There are two things I can’t get enough of during my pregnancy so far: cheese, and pasta!
I can’t tell you how many times my sweet husband has made spaghetti for me, and I pretty much lived off of quesadillas during my first trimester.
I could eat this amazing One Pan Baked Ziti every single night, and since I’m the one usually in charge of dinner, we’ve been having all of my favorite cheesy pastas lately
I love that it’s a meal my kids will always eat happily, without me having to beg them to finish their dinner. My husband was a particular fan of these Chicken and Broccoli Alfredo Stuffed Shells. The name pretty much says it all.
You can whip these up even faster if you use a rotisserie chicken. (Thank you Costco, for your amazing 5 dollar rotisserie chickens that I use in so many meals!) Hope you all enjoy this yummy pasta as much as my family does!

MAKE AHEAD AND FREEZER DIRECTIONS:
This recipe makes for an excellent freezer meal. Assemble the dish following the recipe directions but don’t bake them! Consider using a disposable container or aluminum pan. Once the meal is assembled, cover it with a layer of plastic wrap and then a double layer of aluminum foil.
Freeze this meal for up to 2 months! When your ready to enjoy it, remove it from the freezer and allow it to thaw in the fridge for 24 hours. remove the plastic wrap, cover it back up with tinfoil, and baked 45 minutes or until warmed through and bubbly. Remove the tinfoil for 15 minutes before it’s finished baking to allow the cheese to get bubbly!
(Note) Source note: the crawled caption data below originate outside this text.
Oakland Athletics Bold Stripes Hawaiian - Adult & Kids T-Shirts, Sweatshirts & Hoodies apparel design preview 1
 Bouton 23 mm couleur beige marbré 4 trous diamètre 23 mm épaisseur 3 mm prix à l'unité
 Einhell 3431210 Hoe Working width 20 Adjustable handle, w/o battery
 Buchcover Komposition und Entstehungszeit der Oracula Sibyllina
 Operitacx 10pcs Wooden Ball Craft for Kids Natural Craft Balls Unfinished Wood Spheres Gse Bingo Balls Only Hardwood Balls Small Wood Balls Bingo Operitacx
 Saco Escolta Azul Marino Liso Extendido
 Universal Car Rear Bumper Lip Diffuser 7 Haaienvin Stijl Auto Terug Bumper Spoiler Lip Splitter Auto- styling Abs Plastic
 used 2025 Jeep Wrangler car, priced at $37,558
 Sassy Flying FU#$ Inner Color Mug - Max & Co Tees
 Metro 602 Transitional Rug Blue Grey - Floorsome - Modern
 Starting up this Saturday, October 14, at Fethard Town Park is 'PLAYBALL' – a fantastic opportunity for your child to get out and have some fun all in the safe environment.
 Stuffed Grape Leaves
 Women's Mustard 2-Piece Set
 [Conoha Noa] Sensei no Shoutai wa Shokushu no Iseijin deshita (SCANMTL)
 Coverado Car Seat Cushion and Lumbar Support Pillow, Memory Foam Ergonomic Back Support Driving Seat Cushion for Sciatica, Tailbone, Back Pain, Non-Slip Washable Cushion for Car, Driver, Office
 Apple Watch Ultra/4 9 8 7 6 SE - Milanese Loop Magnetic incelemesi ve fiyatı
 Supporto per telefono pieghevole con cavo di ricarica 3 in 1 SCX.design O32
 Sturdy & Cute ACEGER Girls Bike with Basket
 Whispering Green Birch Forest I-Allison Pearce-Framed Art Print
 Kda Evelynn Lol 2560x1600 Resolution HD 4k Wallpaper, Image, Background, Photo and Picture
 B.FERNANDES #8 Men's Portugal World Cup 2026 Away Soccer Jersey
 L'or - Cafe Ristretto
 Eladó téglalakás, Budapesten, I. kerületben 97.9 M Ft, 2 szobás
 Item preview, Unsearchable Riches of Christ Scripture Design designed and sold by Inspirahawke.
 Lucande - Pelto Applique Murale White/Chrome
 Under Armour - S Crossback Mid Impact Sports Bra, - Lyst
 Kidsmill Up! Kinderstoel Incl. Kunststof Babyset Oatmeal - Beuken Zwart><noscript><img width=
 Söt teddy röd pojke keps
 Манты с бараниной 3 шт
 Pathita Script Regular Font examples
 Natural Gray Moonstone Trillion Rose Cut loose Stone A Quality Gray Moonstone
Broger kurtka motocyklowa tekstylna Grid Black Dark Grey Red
Chicken and Broccoli Alfredo Stuffed Shells
Prep Time 10 mins
Cook Time 45 mins
Total Time 55 mins

Chicken and Broccoli Alfredo Stuffed Shells include tender pasta shells filled with a cheesy shredded chicken and broccoli mixture and smothered in an easy homemade alfredo sauce. 
Course: Main Course
Cuisine: American, Italian
Keyword: chicken alfredo, stuffed shells
Unit: clove, cup, large, ounce box, Tablespoon
Servings: 6
Calories: 769 kcal
Author: Lauren Allen

Ingredients
  • 12 ounce boxes Jumbo pasta shells
  • 2 1/2 cups cooked chicken , shredded (I use rotisserie)
  • 1 1/2 cups fresh broccoli , steamed and chopped
Alfredo sauce:
  • 3 Tablespoons unsalted butter
  • 3 cloves garlic , minced
  • 1 cup heavy whipping cream
  • 1 1/4 cups whole milk
  • 2/3 cup freshly grated parmesan cheese
  • 3/4 cup shredded mozzarella cheese , divided
  • 2 large egg yolks , beaten
  • salt and freshly ground black pepper , to taste
Instructions
  1. Cook pasta according to package instructions, just until al dente. Drain from water and lay out on a large dish to cool, so that they don't stick together.
Make alfredo sauce:
  1. Combine butter, garlic, heavy cream and milk in a saucepan over medium heat. Bring to a simmer. 
  2. Beat egg yolks in a small bowl. Add a spoonful of the hot milk mixture to the eggs, stirring to temper the eggs. Repeat with several more spoonfuls. 
  3. Slowly add the egg mixture to the saucepan and stir to combine. Remove from heat. 
  4. Stir in Parmesan cheese and mozzarella. Season with salt and pepper, to taste.
  5. In a large mixing bowl, add chicken, broccoli, and 1/2 cup alfredo sauce. Toss to combine. 
  6. Add a spoonful of alfredo sauce to the bottom of a 9x13'' pan. Fill shells with a large spoonful of chicken and broccoli mixture and place in prepared pan.
  7. Pour remaining alfredo sauce evenly over the shells. Sprinkle with remaining 1/2 cup mozzarella cheese.
  8. Bake at 350 degrees F. for about 25 minutes or until warm and bubbly.